Data provided Start Marker

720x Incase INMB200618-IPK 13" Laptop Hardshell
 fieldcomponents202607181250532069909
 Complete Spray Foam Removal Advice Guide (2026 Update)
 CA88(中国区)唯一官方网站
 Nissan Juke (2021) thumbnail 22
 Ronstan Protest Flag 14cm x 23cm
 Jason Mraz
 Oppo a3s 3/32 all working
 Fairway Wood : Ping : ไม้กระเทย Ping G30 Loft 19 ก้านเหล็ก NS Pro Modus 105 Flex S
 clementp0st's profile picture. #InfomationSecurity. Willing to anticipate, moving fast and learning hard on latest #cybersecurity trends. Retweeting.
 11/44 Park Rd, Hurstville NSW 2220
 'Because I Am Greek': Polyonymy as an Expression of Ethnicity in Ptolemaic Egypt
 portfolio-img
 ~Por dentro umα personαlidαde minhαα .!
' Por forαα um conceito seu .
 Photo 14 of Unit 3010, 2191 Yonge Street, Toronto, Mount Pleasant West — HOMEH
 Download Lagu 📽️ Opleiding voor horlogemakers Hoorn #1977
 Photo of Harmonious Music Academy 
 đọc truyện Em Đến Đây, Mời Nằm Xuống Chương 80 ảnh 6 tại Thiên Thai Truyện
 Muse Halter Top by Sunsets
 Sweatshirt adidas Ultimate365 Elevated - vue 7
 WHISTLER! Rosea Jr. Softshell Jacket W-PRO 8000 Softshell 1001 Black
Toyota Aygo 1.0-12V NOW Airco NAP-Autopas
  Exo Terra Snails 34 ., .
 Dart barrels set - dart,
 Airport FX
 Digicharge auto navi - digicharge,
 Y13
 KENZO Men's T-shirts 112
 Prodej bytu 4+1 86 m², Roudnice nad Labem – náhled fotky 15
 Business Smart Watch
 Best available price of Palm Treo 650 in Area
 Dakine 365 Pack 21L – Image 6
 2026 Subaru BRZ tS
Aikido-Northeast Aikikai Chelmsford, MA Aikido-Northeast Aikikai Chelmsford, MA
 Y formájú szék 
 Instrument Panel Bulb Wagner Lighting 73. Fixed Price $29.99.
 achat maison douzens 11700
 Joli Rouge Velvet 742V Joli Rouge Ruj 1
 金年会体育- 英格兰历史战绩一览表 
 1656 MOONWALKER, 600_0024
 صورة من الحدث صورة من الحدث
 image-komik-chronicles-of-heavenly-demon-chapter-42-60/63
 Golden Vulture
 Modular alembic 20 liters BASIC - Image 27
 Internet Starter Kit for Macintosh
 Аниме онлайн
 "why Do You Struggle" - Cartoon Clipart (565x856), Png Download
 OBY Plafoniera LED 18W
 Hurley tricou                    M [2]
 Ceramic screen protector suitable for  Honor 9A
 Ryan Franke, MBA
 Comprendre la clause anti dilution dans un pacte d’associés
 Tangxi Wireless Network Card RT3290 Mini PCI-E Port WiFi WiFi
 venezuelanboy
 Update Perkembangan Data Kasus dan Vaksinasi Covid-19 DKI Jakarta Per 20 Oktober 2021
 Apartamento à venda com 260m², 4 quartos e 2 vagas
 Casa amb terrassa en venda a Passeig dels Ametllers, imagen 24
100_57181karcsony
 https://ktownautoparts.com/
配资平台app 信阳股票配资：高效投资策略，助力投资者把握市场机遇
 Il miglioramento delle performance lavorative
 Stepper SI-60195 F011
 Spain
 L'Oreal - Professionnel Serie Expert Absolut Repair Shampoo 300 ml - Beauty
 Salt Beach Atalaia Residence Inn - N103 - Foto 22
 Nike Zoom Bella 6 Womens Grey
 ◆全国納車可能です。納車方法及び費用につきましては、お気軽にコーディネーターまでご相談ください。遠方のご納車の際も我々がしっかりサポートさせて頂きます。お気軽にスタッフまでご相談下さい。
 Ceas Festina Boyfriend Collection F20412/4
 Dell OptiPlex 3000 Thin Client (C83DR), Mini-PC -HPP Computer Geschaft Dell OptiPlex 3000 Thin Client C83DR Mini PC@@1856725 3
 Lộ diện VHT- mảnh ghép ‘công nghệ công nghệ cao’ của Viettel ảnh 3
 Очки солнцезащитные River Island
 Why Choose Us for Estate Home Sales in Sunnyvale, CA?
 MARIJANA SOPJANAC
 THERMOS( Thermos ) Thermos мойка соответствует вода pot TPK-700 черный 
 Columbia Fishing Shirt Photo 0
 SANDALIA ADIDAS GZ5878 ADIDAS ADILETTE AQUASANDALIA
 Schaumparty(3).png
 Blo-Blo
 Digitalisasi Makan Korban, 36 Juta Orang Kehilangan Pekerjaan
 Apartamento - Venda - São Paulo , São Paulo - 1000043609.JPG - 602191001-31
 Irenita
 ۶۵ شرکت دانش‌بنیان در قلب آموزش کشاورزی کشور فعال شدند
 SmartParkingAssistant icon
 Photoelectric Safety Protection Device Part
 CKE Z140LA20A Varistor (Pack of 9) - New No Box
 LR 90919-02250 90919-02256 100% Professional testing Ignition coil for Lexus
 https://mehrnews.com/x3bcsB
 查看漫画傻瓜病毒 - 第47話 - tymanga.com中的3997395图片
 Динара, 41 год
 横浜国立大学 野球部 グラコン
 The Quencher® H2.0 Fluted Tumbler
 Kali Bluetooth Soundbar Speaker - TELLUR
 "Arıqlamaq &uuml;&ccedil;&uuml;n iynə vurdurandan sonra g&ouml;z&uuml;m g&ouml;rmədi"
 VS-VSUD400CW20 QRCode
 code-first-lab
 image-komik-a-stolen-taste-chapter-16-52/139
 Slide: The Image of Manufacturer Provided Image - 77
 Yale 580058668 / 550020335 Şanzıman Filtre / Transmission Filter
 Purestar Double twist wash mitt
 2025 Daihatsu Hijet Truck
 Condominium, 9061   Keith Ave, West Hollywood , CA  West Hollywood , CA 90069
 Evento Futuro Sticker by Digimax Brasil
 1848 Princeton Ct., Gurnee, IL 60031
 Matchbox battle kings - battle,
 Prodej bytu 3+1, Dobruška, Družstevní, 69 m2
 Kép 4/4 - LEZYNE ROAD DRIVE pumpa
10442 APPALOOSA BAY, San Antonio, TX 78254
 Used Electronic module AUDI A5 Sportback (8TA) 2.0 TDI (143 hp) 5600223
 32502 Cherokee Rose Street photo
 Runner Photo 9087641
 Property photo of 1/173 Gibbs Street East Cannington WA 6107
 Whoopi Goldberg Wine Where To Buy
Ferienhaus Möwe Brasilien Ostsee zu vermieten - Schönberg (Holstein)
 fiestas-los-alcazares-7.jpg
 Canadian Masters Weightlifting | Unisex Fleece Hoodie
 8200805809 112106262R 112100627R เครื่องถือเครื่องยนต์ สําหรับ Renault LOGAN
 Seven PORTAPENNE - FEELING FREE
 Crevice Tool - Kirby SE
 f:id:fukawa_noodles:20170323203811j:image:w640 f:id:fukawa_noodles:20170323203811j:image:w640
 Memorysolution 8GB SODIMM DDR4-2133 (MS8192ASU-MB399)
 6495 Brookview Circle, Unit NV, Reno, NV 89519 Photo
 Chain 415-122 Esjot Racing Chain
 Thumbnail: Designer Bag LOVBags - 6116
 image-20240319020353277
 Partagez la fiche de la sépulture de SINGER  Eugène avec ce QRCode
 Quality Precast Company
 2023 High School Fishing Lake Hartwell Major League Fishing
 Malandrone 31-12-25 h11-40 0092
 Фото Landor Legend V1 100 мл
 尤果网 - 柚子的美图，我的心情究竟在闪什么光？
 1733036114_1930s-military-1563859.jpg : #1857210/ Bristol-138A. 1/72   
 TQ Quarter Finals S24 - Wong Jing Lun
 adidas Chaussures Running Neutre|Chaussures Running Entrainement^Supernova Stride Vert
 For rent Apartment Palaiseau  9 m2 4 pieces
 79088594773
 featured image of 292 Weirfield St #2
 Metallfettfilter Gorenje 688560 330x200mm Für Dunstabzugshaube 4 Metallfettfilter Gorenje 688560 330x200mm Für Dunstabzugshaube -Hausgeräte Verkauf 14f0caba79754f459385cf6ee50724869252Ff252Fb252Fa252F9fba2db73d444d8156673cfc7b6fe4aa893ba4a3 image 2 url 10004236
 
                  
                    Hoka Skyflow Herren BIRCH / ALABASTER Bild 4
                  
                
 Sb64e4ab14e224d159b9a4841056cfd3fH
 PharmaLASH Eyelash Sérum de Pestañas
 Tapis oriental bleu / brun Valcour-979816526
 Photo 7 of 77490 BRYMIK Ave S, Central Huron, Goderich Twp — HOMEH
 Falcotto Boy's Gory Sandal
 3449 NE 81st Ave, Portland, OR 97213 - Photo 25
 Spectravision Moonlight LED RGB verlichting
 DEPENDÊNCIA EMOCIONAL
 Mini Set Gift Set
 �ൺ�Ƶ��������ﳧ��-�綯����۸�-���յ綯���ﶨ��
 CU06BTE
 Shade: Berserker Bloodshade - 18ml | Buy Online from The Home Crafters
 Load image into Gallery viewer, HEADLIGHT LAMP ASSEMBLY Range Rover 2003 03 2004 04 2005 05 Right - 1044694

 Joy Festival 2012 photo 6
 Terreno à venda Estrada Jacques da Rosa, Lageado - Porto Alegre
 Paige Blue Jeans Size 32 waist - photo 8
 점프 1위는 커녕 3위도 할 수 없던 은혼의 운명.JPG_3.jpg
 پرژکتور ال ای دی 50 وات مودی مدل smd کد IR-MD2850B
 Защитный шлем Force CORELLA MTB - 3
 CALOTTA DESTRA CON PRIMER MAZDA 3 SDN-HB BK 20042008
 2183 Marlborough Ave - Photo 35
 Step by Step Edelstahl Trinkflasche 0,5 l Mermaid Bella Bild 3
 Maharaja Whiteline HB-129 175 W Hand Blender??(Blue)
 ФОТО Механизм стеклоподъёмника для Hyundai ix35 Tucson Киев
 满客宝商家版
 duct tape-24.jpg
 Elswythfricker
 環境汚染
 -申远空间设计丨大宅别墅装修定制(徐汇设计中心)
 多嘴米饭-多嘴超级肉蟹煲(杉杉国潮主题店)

Data provided End Marker

**What you are asked to do:** Among the records above, a stretch begins at the line containing "LR 90919-02250 90919-02256" and ends at the line containing "code-first-lab". Restate that stretch word for word, and nothing else.

**The completed task:**
 LR 90919-02250 90919-02256 100% Professional testing Ignition coil for Lexus
 https://mehrnews.com/x3bcsB
 查看漫画傻瓜病毒 - 第47話 - tymanga.com中的3997395图片
 Динара, 41 год
 横浜国立大学 野球部 グラコン
 The Quencher® H2.0 Fluted Tumbler
 Kali Bluetooth Soundbar Speaker - TELLUR
 "Arıqlamaq &uuml;&ccedil;&uuml;n iynə vurdurandan sonra g&ouml;z&uuml;m g&ouml;rmədi"
 VS-VSUD400CW20 QRCode
 code-first-lab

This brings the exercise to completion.